Task data:
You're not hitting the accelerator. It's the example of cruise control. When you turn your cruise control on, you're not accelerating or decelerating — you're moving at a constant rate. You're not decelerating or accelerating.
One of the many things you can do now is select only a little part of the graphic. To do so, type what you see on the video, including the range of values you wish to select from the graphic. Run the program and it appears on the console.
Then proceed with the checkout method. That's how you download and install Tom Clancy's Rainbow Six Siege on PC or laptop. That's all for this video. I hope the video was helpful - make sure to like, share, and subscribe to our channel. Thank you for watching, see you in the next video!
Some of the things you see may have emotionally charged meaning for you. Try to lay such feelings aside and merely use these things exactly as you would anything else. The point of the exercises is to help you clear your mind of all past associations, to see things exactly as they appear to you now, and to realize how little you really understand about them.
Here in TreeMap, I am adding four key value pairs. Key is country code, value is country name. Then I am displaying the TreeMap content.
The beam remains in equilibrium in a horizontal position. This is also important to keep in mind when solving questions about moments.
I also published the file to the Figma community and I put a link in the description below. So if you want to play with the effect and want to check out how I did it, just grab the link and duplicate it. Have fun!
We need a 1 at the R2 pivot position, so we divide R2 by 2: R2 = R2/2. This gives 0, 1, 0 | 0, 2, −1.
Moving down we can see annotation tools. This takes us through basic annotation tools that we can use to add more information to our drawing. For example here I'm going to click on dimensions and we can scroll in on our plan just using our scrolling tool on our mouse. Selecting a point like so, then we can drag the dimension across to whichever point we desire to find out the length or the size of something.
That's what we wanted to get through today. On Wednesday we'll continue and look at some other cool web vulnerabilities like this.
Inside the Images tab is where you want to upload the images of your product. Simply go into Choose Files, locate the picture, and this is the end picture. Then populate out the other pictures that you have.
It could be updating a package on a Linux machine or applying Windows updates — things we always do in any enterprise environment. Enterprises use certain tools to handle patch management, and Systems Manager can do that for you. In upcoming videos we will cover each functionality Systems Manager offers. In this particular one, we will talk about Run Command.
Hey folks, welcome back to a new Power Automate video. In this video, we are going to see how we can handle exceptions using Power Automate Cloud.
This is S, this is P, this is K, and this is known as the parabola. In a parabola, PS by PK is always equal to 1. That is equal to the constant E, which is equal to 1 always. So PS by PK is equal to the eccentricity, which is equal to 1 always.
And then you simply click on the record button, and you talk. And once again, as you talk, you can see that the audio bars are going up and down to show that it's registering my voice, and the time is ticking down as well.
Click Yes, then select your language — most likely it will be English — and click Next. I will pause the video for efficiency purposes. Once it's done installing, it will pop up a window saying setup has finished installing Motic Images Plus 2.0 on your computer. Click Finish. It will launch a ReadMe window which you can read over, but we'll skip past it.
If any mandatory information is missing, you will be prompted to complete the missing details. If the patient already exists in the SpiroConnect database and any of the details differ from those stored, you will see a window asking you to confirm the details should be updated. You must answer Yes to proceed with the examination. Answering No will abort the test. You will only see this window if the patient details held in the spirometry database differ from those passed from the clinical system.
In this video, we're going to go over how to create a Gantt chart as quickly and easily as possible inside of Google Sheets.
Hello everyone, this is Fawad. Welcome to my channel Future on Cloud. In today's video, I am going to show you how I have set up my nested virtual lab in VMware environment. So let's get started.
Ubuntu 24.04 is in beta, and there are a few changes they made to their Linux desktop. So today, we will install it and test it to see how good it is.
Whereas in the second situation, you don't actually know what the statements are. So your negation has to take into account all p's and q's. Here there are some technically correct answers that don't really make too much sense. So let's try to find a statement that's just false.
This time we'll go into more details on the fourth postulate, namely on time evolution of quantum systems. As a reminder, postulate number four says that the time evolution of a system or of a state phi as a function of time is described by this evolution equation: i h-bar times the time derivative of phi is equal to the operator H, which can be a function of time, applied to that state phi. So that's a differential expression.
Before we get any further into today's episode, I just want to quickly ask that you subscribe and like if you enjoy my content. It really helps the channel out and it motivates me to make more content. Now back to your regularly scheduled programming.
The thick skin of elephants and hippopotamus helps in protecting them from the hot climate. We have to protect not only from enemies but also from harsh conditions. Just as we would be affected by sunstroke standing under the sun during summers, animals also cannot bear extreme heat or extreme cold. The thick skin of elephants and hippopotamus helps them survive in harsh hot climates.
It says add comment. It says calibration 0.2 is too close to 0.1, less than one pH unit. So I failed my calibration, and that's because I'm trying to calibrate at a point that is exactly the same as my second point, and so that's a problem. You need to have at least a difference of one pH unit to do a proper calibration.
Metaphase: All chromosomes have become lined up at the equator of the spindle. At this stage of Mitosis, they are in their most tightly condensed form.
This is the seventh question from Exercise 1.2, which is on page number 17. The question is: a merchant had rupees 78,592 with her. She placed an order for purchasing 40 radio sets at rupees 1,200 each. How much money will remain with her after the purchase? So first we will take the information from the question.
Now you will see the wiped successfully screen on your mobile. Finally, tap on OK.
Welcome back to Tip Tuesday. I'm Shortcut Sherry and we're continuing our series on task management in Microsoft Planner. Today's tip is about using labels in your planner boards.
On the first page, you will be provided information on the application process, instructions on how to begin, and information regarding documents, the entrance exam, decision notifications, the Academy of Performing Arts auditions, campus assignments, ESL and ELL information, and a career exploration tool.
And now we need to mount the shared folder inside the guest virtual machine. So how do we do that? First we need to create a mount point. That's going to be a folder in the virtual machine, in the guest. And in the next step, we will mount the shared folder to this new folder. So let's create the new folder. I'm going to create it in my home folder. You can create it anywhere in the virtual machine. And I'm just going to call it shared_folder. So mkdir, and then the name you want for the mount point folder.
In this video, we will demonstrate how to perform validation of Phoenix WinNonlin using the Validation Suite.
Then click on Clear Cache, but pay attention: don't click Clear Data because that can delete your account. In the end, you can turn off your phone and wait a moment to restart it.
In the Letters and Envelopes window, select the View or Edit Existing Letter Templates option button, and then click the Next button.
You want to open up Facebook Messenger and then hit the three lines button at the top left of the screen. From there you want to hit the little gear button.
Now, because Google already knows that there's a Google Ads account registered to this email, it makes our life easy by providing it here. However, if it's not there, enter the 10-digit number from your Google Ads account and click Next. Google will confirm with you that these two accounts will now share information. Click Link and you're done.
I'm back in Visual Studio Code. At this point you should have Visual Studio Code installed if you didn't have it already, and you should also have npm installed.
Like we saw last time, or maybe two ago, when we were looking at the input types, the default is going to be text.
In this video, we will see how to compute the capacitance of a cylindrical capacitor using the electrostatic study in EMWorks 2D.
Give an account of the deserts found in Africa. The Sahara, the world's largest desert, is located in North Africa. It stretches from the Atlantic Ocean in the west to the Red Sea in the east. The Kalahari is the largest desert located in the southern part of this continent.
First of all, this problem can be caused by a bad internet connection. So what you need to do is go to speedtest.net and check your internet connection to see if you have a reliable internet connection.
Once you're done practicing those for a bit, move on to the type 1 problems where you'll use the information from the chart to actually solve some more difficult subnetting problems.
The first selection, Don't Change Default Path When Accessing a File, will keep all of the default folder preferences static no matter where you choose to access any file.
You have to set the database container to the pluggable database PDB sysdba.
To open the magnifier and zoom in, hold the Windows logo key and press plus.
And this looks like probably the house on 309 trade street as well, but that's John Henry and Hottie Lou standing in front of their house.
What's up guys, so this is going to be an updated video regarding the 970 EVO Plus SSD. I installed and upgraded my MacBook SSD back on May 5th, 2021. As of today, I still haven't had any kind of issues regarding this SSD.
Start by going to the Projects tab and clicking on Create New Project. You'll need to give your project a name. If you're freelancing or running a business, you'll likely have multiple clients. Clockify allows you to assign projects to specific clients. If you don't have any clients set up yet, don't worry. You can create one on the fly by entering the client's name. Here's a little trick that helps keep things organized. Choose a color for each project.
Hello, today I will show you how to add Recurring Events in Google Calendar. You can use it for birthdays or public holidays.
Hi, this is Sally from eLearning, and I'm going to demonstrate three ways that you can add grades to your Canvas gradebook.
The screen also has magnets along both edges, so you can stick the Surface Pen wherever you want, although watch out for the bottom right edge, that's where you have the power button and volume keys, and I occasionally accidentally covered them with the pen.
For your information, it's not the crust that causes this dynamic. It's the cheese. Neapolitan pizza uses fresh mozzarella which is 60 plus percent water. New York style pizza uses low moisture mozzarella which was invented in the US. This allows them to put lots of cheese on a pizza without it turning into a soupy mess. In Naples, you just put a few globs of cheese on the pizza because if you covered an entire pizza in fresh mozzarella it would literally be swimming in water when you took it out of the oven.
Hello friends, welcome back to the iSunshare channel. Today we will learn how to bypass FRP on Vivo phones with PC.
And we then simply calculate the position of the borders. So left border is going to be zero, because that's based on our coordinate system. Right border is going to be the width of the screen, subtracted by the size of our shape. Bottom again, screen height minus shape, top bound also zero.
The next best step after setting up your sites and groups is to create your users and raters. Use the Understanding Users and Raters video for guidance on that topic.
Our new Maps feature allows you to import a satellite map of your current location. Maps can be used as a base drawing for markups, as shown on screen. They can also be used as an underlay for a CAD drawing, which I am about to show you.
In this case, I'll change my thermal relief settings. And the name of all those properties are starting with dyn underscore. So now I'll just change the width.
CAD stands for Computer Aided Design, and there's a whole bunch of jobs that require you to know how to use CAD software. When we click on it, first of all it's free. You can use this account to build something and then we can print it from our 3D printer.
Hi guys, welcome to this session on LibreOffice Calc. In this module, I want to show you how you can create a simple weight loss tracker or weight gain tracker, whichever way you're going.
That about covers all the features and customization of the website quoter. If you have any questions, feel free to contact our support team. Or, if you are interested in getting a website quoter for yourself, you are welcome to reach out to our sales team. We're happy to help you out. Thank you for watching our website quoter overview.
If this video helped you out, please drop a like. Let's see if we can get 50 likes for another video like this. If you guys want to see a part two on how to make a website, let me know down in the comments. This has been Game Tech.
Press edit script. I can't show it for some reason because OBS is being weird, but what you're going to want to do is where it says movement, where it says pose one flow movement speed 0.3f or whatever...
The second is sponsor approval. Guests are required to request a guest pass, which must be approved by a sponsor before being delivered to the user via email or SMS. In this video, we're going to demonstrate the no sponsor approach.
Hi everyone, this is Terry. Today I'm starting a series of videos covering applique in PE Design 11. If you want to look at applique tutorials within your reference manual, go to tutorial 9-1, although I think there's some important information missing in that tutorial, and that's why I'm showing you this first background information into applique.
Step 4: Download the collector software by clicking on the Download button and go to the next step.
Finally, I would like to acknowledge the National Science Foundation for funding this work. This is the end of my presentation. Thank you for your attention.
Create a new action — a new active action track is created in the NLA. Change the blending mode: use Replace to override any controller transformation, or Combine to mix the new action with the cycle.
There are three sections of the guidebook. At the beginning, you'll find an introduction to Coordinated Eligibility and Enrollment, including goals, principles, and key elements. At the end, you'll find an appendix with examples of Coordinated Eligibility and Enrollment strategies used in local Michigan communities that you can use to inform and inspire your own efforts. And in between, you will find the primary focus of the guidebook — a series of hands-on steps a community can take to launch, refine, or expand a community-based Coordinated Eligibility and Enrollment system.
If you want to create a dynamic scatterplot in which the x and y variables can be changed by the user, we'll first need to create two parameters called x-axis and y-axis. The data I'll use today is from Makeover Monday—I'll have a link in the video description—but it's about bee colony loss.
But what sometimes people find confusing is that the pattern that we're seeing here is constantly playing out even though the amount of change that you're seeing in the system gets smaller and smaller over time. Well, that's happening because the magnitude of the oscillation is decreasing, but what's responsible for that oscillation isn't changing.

Problem details: Out of the listing above, reproduce exactly the lines from the one with "In this video, we will see" up to and including the one with "What's up guys, so".

Answer area:
In this video, we will see how to compute the capacitance of a cylindrical capacitor using the electrostatic study in EMWorks 2D.
Give an account of the deserts found in Africa. The Sahara, the world's largest desert, is located in North Africa. It stretches from the Atlantic Ocean in the west to the Red Sea in the east. The Kalahari is the largest desert located in the southern part of this continent.
First of all, this problem can be caused by a bad internet connection. So what you need to do is go to speedtest.net and check your internet connection to see if you have a reliable internet connection.
Once you're done practicing those for a bit, move on to the type 1 problems where you'll use the information from the chart to actually solve some more difficult subnetting problems.
The first selection, Don't Change Default Path When Accessing a File, will keep all of the default folder preferences static no matter where you choose to access any file.
You have to set the database container to the pluggable database PDB sysdba.
To open the magnifier and zoom in, hold the Windows logo key and press plus.
And this looks like probably the house on 309 trade street as well, but that's John Henry and Hottie Lou standing in front of their house.
What's up guys, so this is going to be an updated video regarding the 970 EVO Plus SSD. I installed and upgraded my MacBook SSD back on May 5th, 2021. As of today, I still haven't had any kind of issues regarding this SSD.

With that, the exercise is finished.